Nous devons redonner des choix et des services aux habitants des territoires ruraux, sans pour autant importer la ville à la campagne. Laissons les coqs de France dormir et chanter tranquilles !
— Edouard Philippe (@EPhilippePM) September 20, 2019
Notre plan d'actions ➜ https://t.co/qCjI7dxm2g #AMRF2019 pic.twitter.com/nQGFBaoR5Z
J'ai la conviction, et sûrement la crise des gilets jaunes l'a renforcée, qu'il faut aussi regarder les petites villes, celles qui font centralité dans les zones rurales, où elles sont essentielles pour irriguer la vie sociale avec un minimumde services, de commerces,
confirme la ministre de la Cohésion des territoires Jacqueline Gourault.

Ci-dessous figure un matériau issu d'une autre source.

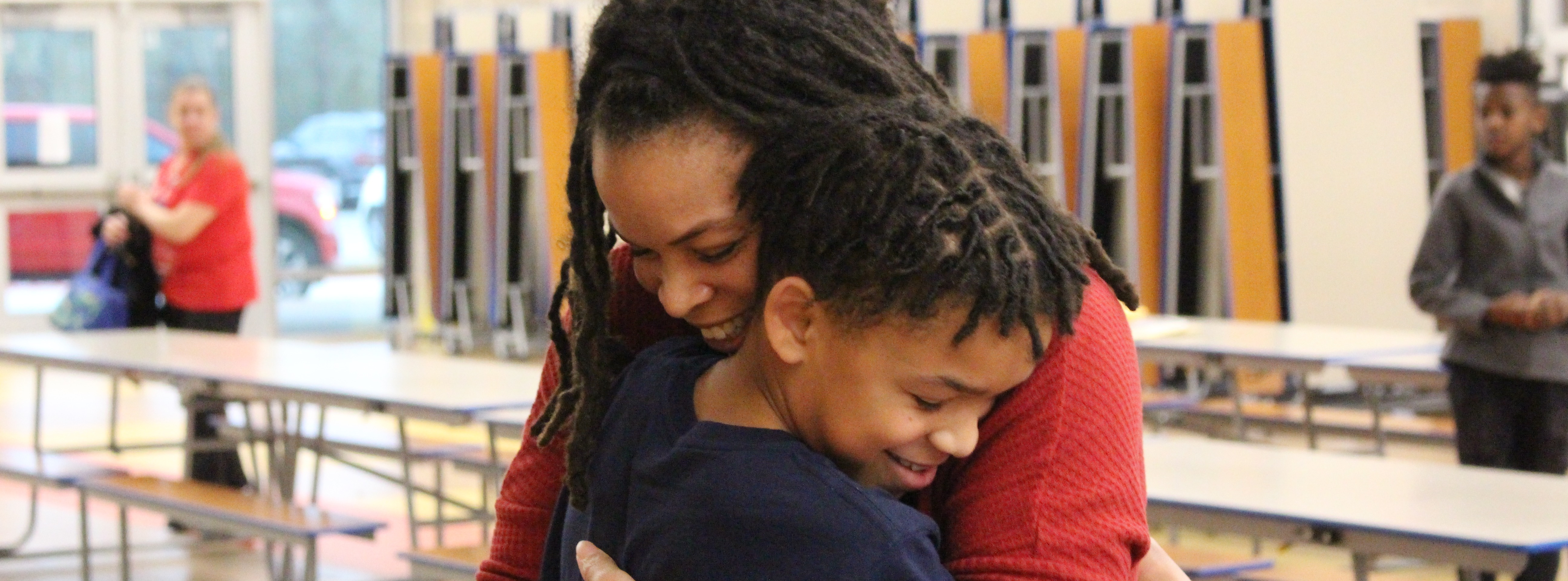Spelling Bee winner at Northside hugging his mother after winning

Ces derniers temps, le gouvernement a donc mis en chantier des projets de loi "engagement et proximité" sur le statut du maire pour cet automne, "décentralisation et déconcentration" pour le premier semestre 2020 - et validé, par exemple, le déploiement de 2.000 maisons de services publics d'ici 2022.

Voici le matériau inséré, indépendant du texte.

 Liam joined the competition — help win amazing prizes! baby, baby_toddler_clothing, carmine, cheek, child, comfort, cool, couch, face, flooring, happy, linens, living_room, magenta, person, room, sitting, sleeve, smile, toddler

LREM à la recherche d'une implantation dans les communes
A six mois des municipales, et alors que La République en marche cherche une implantation locale, l'exécutif creuse le sillon entamé par Emmanuel Macron qui, lors du grand débat, avait enchaîné les rencontres avec les maires, et notamment dans le village du président de l'AMRF Vanik Berbérian. En filigrane, se dessine aussi la tactique du gouvernement de s'appuyer sur les associations dites "de strates" (comme l'APVF, l'AMRF etc) plutôt que sur les trois plus grosses: l'Association des maires de France (AMF), des départements (ADF) et des régions (ARF) qui, selon une source ministérielle, "refusaient de travailler avec le gouvernement et ne répondaient à aucune des perches tendues" par jeu politique.A l'inverse, à l'APVF, "on a refusé d'entrée de jeu de rentrer dans la case complaisan ou opposant", explique M. Bouillon, qui se voit plutôt en "proposant", en estimant que "la balle est dans le camp du gouvernement".

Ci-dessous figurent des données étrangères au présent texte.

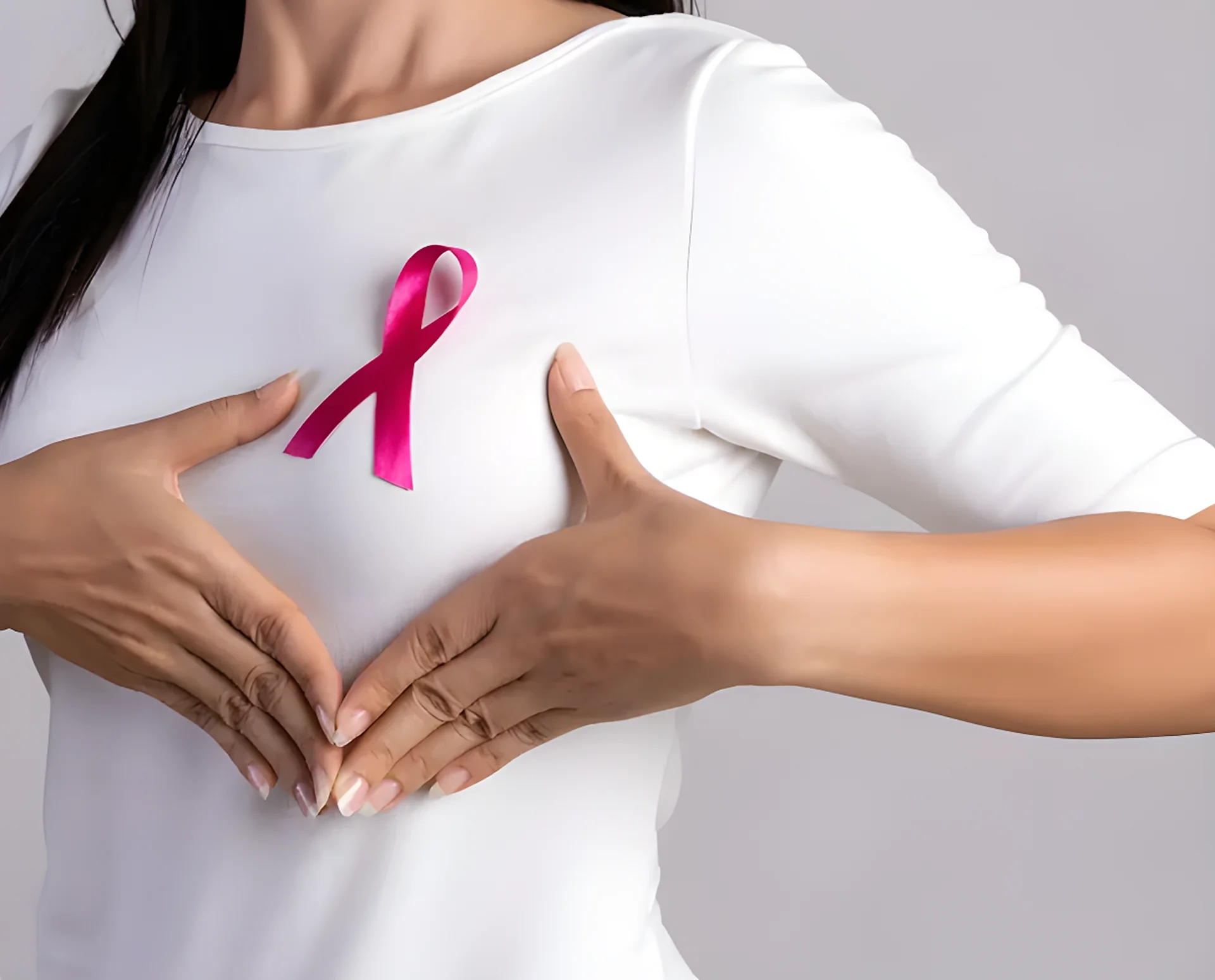 Woman wearing a white t-shirt with a pink breast cancer awareness ribbon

Plusieurs sujets d'inquiétudes pèsent encore, à commencer par la compensation de la taxe d'habitation, perçue par les communes avant que le gouvernement ne la supprime. Sur ce point, qui sera éclairci la semaine prochaine, Edouard Philippe a indiqué jeudi qu'il y aurait des "simulations" pour avoir une vision budgétaire commune par commune et une "clause de revoyure" de trois ans, répondant ainsi à des demandes des l'APVF. Regrettant aussi que "l'acte 3 de la décentralisation" n'arrive qu'après les municipales de mars 2020, M. Bouillon pointe aussi les "attentes très fortes sur la question d'autonomie et de liberté" laissées aux communes.
L'exécutif a bien inscrit un "droit à la différenciation" dans sa révision constitutionnelle, mais le projet est au point mort, notamment en raison de désaccords avec le Sénat. Un obstacle que le gouvernement espère contourner en s'appuyant sur une récente
étude du Conseil d'Etat "qui montre qu'à droit constitutionnel constant on pourrait assouplir l'expérimentation pour procéder dorénavant à de la différenciation" entre collectivités, selon Mme Gourault.